┌──

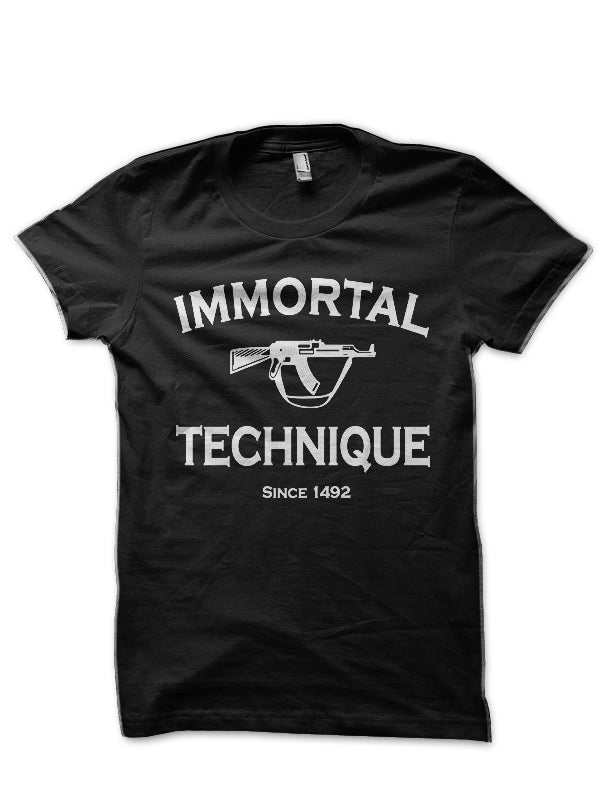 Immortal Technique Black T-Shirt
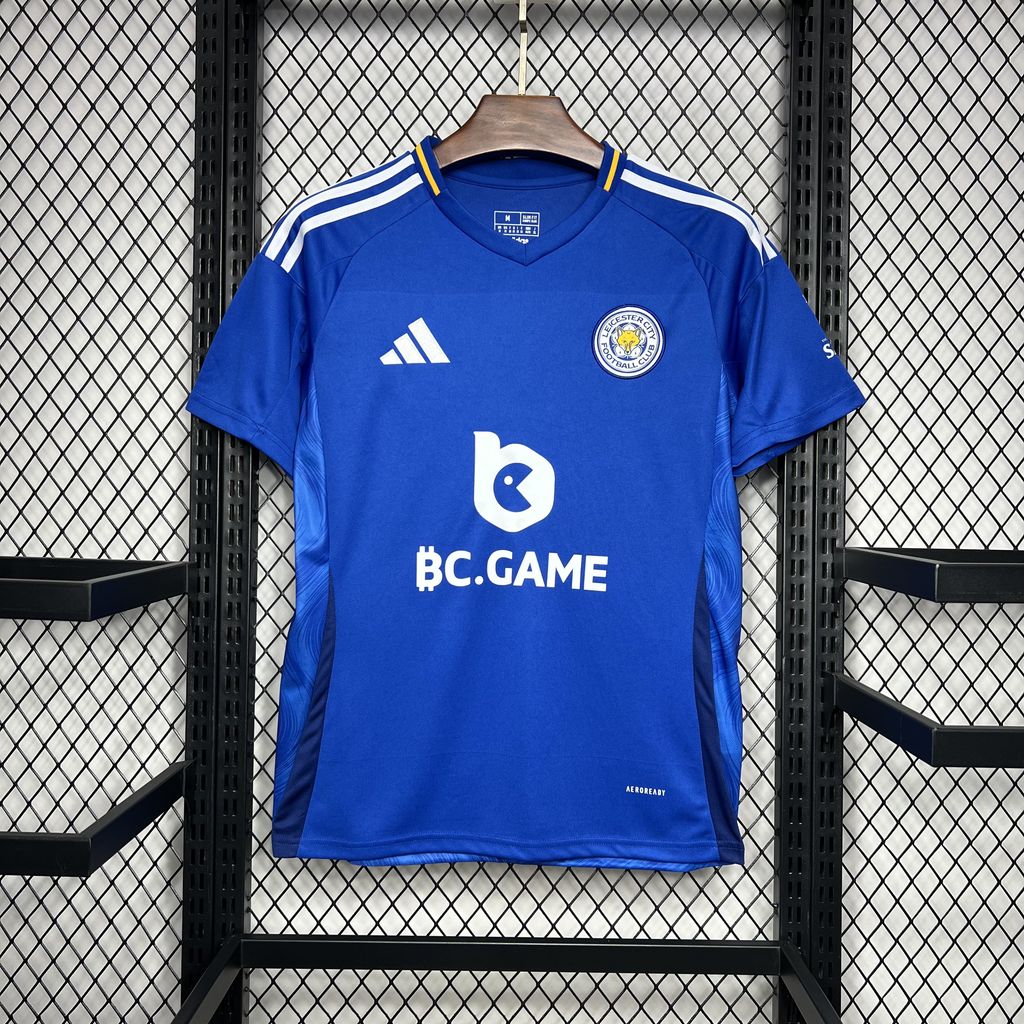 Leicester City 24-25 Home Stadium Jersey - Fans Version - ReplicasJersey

└──
┌──

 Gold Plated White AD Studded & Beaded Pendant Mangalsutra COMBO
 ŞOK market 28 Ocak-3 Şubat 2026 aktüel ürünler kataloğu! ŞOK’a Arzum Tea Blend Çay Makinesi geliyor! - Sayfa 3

└──

Return exactly, and only, the lines above starting at the line that contains "Gold Plated White" and ending at the line that contains "ŞOK market 28".

### Result below
 Gold Plated White AD Studded & Beaded Pendant Mangalsutra COMBO
 ŞOK market 28 Ocak-3 Şubat 2026 aktüel ürünler kataloğu! ŞOK’a Arzum Tea Blend Çay Makinesi geliyor! - Sayfa 3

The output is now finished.